Espoleó su caballo hasta que le sangraron las ijadas y continuó al galope. Lord Flapoon, que estaba poniéndose verde porque no había tenido tiempo de digerir el desayuno, hizo lo imposible por seguirlo, al igual que los soldados de la brigada.

Después de unos momentos, al fin divisaron a la gran multitud que avanzaba hacia la ciudad. Spittleworth tiró de las riendas de su pobre penco, que se paró en seco. Rodeada de miles de cornucopianos que reían y cantaban, y detrás de dos jóvenes que sostenían en alto sendos letreros de madera, había una criatura gigantesca, tan alta como un caballo montado encima de otro, con los ojos como dos faroles y cubierta de un pelo marrón verdoso que recordaba a los hierbajos del pantanal.
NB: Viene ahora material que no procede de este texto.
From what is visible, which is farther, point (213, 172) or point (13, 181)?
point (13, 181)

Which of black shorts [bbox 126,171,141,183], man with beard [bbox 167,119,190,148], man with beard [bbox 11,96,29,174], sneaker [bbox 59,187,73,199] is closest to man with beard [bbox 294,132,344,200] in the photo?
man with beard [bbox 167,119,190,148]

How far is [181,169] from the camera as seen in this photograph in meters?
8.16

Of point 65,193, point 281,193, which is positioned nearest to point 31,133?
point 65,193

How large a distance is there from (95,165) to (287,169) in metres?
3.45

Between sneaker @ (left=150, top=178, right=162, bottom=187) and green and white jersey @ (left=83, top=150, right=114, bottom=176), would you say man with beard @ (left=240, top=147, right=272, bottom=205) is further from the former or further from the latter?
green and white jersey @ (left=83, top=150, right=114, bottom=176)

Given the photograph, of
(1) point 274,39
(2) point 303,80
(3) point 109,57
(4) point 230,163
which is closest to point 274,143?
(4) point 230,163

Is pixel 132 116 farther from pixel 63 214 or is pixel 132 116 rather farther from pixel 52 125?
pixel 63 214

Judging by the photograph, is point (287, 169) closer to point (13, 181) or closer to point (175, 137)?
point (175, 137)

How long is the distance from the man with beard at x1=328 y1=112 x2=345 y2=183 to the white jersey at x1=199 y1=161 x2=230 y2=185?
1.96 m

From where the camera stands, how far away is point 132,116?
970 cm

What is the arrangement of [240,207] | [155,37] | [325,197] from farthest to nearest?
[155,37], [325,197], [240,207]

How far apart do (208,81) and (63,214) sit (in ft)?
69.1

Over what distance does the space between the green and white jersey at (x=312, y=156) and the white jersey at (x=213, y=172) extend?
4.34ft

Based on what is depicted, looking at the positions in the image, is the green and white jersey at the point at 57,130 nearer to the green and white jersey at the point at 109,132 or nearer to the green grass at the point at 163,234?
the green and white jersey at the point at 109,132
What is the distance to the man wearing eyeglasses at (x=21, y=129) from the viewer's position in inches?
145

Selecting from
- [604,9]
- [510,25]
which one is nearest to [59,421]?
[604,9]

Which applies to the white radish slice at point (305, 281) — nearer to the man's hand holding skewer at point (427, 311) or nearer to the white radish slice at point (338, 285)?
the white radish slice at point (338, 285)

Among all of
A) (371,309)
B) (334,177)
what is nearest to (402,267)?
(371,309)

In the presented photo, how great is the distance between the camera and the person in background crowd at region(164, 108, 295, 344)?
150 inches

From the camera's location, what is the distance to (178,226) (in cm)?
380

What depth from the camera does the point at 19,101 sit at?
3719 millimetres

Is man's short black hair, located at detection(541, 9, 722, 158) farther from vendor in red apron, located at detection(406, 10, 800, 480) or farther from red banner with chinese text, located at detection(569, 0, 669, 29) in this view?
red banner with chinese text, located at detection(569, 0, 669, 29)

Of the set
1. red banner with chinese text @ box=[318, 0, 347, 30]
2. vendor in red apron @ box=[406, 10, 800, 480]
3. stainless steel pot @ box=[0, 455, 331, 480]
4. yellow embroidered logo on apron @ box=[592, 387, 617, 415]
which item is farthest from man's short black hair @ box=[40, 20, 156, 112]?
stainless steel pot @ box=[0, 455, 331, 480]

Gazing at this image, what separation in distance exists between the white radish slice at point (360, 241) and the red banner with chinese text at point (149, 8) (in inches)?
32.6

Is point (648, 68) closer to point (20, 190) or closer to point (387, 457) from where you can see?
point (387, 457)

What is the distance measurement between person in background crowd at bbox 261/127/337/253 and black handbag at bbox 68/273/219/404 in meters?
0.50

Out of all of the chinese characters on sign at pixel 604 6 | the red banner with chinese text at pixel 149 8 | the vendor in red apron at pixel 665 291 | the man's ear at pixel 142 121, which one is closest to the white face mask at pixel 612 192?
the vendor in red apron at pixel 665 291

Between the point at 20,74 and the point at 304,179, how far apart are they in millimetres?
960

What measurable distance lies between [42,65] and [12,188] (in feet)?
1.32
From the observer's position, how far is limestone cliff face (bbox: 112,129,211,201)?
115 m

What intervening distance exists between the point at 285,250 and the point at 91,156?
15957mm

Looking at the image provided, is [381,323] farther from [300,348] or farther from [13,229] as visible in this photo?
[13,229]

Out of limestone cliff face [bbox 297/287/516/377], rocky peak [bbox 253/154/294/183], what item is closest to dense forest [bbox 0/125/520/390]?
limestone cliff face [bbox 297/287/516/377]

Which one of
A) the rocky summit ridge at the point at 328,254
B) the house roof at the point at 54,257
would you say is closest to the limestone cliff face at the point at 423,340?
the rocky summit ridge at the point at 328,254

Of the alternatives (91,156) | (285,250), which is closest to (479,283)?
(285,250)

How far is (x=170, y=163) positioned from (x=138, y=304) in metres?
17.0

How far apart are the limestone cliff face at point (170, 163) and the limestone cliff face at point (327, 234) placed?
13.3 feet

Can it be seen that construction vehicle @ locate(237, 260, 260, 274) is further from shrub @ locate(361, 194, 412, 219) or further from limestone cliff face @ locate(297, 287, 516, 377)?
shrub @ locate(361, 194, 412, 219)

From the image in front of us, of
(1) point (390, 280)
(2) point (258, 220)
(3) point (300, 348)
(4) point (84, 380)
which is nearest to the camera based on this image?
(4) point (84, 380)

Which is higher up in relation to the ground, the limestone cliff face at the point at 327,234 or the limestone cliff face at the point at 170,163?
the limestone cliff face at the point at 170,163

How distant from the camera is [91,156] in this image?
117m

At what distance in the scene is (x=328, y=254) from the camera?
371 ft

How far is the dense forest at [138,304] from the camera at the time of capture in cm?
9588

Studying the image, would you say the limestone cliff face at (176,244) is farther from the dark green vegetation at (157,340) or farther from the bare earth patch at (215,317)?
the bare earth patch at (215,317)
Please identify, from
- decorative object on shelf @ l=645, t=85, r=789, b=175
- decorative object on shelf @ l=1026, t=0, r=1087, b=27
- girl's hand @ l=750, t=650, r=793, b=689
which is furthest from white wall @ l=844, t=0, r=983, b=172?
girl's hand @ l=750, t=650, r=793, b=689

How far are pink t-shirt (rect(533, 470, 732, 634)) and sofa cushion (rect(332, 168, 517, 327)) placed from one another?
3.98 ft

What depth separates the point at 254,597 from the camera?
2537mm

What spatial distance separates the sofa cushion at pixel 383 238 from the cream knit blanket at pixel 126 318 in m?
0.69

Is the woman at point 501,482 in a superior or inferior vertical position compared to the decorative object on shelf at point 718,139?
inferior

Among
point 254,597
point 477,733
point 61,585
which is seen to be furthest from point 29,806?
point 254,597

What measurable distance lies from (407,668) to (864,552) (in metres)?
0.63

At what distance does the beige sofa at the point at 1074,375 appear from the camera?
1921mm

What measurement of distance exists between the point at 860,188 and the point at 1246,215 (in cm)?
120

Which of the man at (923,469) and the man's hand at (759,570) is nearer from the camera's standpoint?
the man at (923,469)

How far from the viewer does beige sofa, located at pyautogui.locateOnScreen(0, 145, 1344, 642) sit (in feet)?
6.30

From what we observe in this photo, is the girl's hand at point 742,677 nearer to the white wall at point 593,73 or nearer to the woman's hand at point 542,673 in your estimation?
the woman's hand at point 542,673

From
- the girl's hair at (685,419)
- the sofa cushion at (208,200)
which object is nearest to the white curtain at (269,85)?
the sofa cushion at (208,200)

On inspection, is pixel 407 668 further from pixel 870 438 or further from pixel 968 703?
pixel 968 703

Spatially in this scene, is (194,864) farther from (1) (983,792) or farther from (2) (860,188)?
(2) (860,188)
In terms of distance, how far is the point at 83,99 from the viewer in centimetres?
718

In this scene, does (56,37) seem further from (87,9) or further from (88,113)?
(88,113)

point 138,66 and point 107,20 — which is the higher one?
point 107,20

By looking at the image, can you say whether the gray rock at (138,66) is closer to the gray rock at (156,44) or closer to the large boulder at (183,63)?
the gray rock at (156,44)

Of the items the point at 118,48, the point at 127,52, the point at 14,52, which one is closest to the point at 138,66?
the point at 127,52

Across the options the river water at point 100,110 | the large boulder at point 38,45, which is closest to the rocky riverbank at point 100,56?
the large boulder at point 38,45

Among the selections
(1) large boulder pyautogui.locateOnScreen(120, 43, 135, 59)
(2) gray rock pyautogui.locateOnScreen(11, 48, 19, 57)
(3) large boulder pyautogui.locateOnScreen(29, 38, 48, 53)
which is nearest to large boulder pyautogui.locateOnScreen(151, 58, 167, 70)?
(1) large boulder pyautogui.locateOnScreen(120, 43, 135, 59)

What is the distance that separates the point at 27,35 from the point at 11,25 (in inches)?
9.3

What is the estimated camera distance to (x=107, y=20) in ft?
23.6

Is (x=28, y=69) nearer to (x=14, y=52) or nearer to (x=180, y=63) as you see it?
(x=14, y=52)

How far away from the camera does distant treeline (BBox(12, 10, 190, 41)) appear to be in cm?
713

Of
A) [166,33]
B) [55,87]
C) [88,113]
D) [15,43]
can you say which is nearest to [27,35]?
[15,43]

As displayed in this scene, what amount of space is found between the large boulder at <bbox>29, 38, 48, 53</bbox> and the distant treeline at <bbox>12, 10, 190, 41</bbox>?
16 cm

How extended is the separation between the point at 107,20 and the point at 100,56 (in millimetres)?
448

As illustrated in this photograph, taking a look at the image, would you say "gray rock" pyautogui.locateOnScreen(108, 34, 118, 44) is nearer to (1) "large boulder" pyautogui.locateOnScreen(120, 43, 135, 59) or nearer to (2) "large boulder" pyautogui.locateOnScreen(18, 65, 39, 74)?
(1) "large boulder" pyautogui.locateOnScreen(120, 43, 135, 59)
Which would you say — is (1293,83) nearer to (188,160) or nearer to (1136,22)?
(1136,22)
Sobre sus hombros viajaba una chica. De vez en cuando, el monstruo se agachaba ¡y repartía flores!

—Es un truco —masculló Spittleworth; estaba tan asustado y tan impresionado que no sabía ni qué decir—. ¡Tiene que ser un truco! —dijo, esta vez más sonoramente, y estiró el delgado cuello para intentar averiguar cómo estaba hecho—. Es obvio que se trata de un monigote confeccionado con hierbas del pantanal, y dentro hay hombres subidos encima de otros. ¡Soldados, apunten!

Pero los soldados dudaron en obedecer: en todo el tiempo que llevaban protegiendo a los cornucopianos del ickabog (o al menos eso les habían hecho creer), nunca habían visto ninguno; en realidad, estaban casi seguros de que no lo verían jamás, y sin embargo no se sentían para nada convencidos de que eso que tenían delante fuese un truco. Todo lo contrario: aquel monstruo parecía completamente real... y en absoluto feroz: les acariciaba la cabeza a los perros, les repartía flores a los niños y dejaba que las niñas se le montaran en los hombros. Además, miles de personas marchaban con él, y parecían encantadas: ¿qué haría toda esa gente si lo atacaban?

Entonces, uno de los más jóvenes tomó una decisión.

—Eso no es un truco —dijo—. ¡Yo me largo!

Y, antes de que alguien pudiese impedírselo, se alejó al galope.

Flapoon, que por fin había conseguido calzarse los estribos, se colocó al lado de Spittleworth.

—¿Qué hacemos? —le preguntó mientras contemplaba a la bestia y a aquella muchedumbre jubilosa que cada vez se acercaba más.

—Estoy pensando —gruñó el otro—. ¡Déjame pensar!

Pero los engranajes de su incesante cerebro parecían haberse atascado por fin. Las caras de regocijo de la gente lo habían dejado estupefacto: consideraba que la risa era un lujo, como los dulces de Chouxville o las sábanas de seda, y ver a aquella masa de andrajosos felices y celebrando lo había asustado más que si hubiesen ido armados con pistolas.

—Voy a dispararle —declaró Flapoon, empuñó su trabuco y apuntó al monstruo.

—¡No! —gritó Spittleworth—. ¿Qué pretendes? ¿No ves que son muchos más que nosotros?
Pero, justo entonces, el ickabog soltó un grito espeluznante y ensordecedor, y la gente que lo rodeaba se apartó sobrecogida de pánico.

Muchos soltaron las flores que llevaban en las manos, otros echaron a correr.

El ickabog volvió a gritar y se arrodilló. Daisy estuvo a punto de caerse de sus hombros, pese a que se agarró con fuerza.

Y entonces apareció una hendidura grande y oscura en su hinchado y enorme vientre.

—¡Tenías razón, Spittleworth! —exclamó Flapoon y volvió a levantar su trabuco—. ¡Hay hombres escondidos dentro!

Y, mientras la multitud gritaba y retrocedía, lord Flapoon apuntó a la barriga del monstruo y disparó.